Ik heb het hier nog al laten horen: ik ben een nachtuil.
Niet dat ik mij op mijn leeftijd nog intens in het nachtleven stort. Absoluut niet.
Maar het lukt me niet om op een behoorlijk uur slapen te gaan.
Meestal is de volgende dag al minstens 1 uur oud voor ik onder de veren kruip.
En ‘s anderendaags ben ik er rond 7.30u. weer uit.
Het gevolg daarvan is dat me ‘s morgens toch niet altijd honderd procent alert voel.
Dikwijls wat verstrooid en vergeetachtig
Een middagdutje zorgt er dan wel voor dat ik weer 100% geestelijk fit ben in de namiddag.
Klaar om weer door te doen tot een stuk in de nacht...
Maar!
Een team onderzoekers van de universiteit van Wisconsin onder leiding van prof.
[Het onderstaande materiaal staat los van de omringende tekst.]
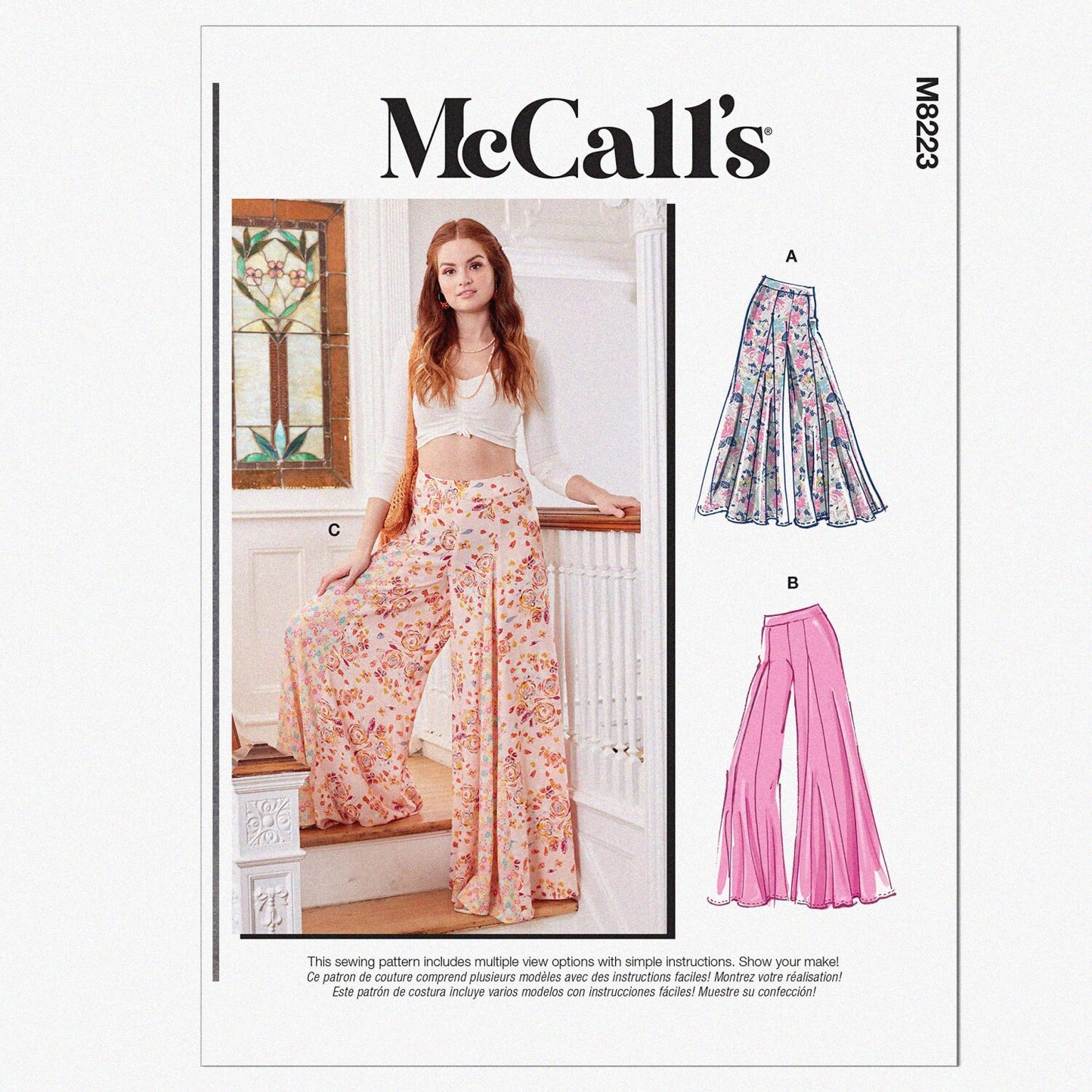 Misses' Wide Leg Pants Sewing Pattern Kit, Multicolor, XS-M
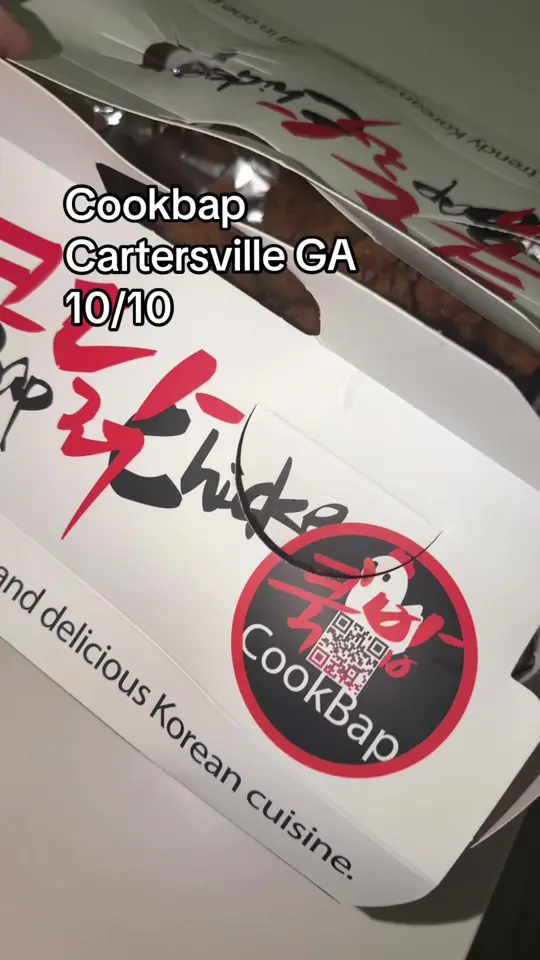 CookBap Korean Restaurant in Cartersville showing review, korean fried chicken, video by kyleekreator on TikTok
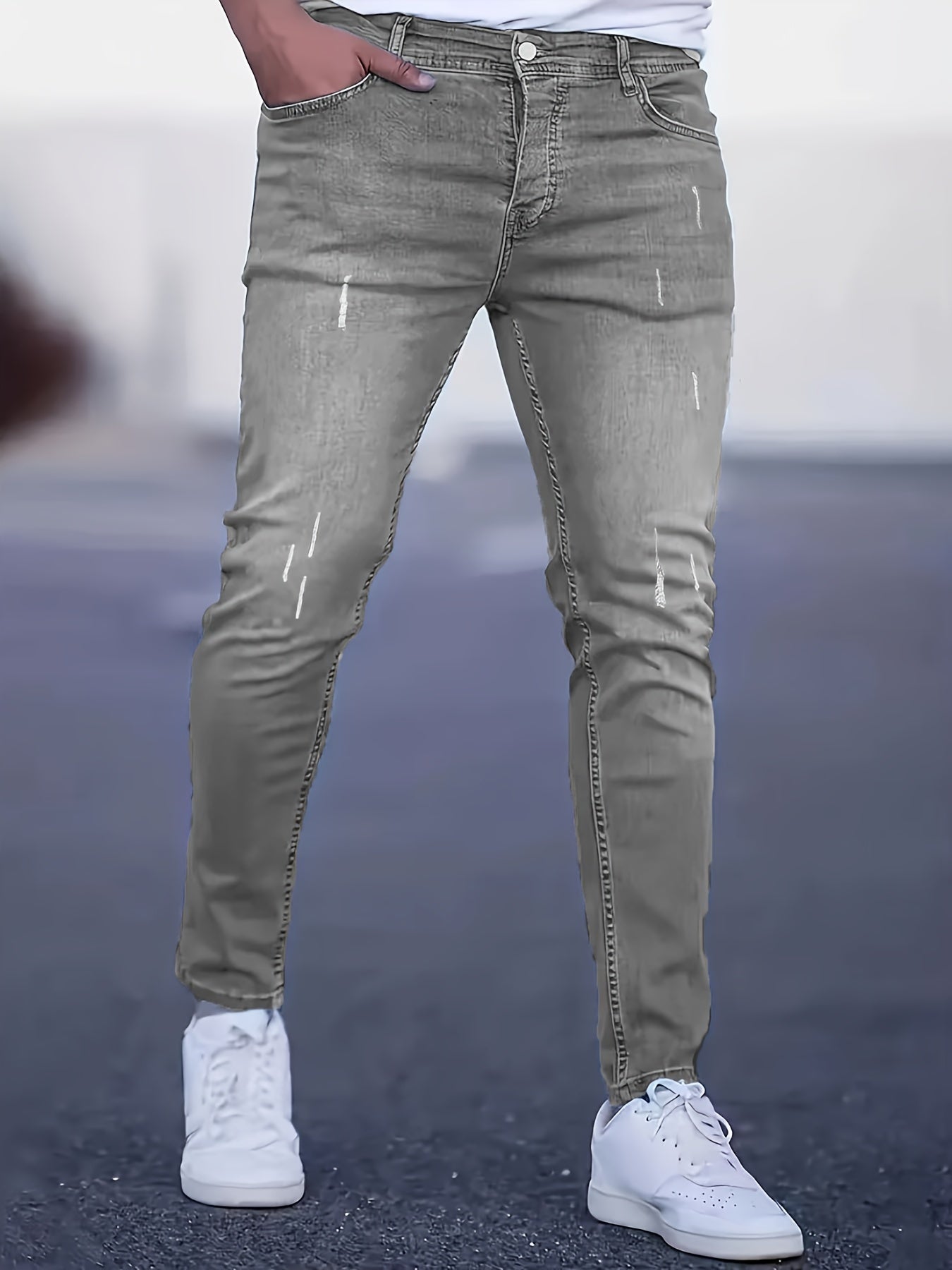 Gescheurde Skinny Jeans Helder Staalblauw - Alex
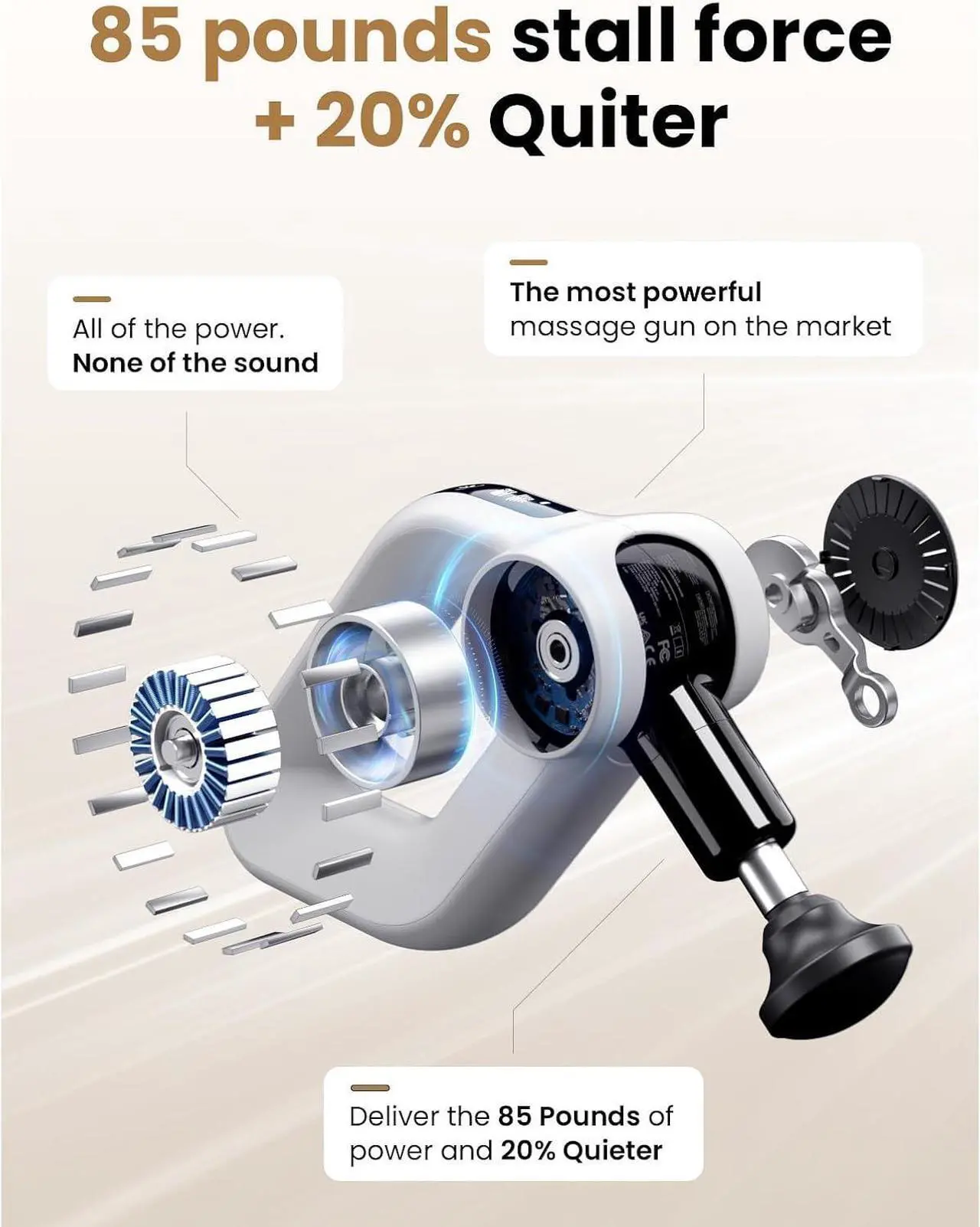 Alt view image 4 of 7 - BOB AND BRAD D6 Pro Max Massage Gun with Metal Head,Deep Tissue Professional Muscle Massager Percussion with 16mm Amplitude, Quiet Electric Handheld Massager for Athletes,FSA and HSA Eligible
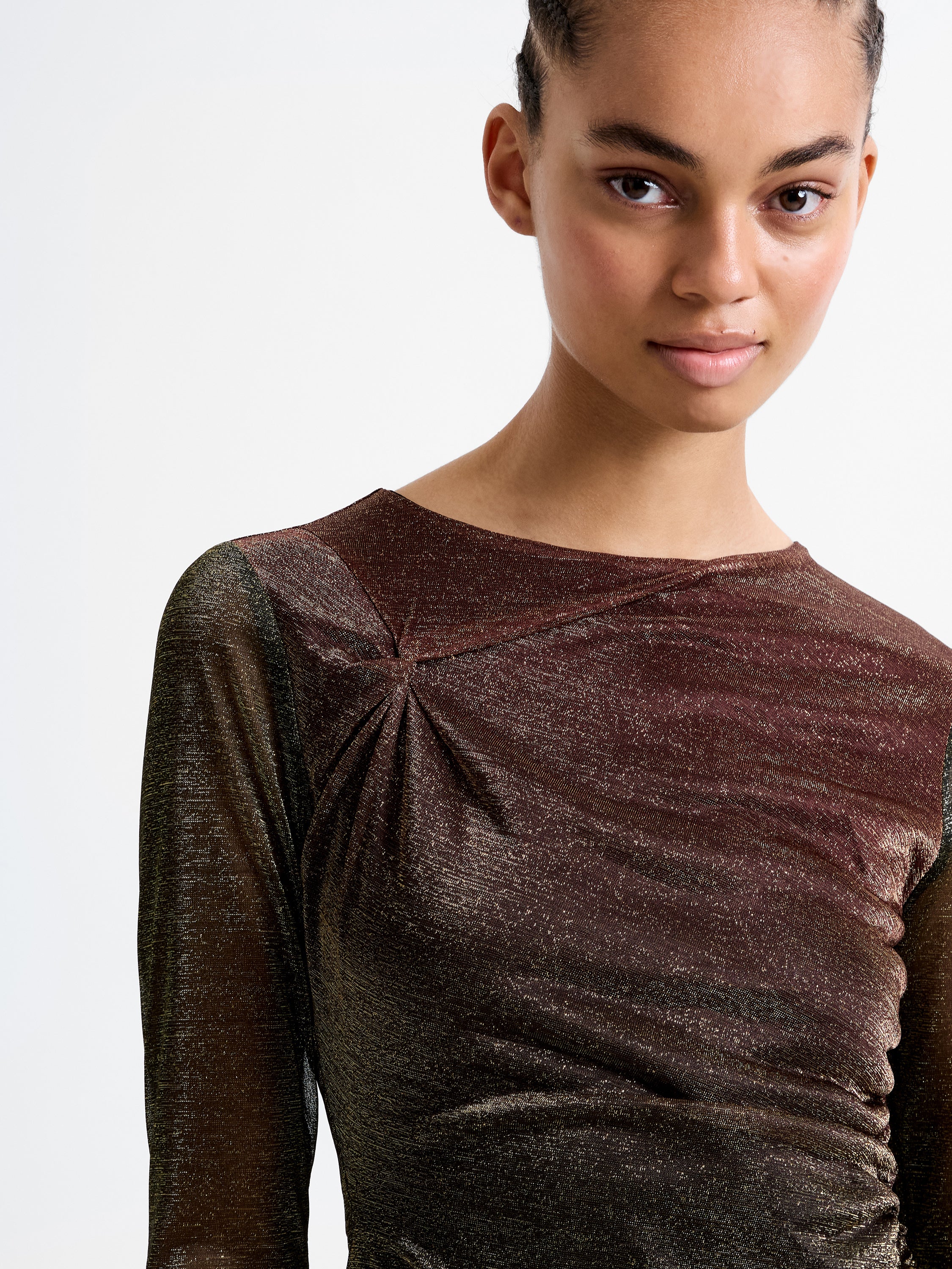 Lurex Long Sleeve Midi Dress - Image 3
Chiara Cirelli, heeft vorige week in Nature een artikel gepubliceerd dat aantoont dat verstrooidheid en vergeetachtigheid bij onvoldoend uitgeruste personen te maken heeft met hersencellen die zichzelf uitschakelen.
Met andere woorden, als we vermoeid geraken, en zelfs vóór we die vermoeidheid voelen, houden een deel van onze hersencellen het voor bekeken: ze geven er de brui aan en schakelen over naar een rusttoestand. Ze doen niet meer mee. Ze gaan slapen!
In die situaties beschikken we dus niet over “al onze geestelijke vermogens” met alle gevolgen van dien: niet meer weten waar je de autosleutels gelaten hebt of de deur van de koelkast laten open staan enz.
En hoe langer je wakker blijft, hoe meer hersencellen je blijkbaar in de steek laten.
Zonder dat we er ons van bewust zijn, gaat een deel van onze hersencellen al "dodokes doen", vóór we zelf onder de wol kruipen!
Vroeger het bed in? Ik zal het proberen, maar ik vrees dat het niet gaat lukken.
En als een paar van mijn grijze celletjes dan toch persé “met de kippen willen op stok gaan”: ze moeten het weten. Ik heb er niets op tegen.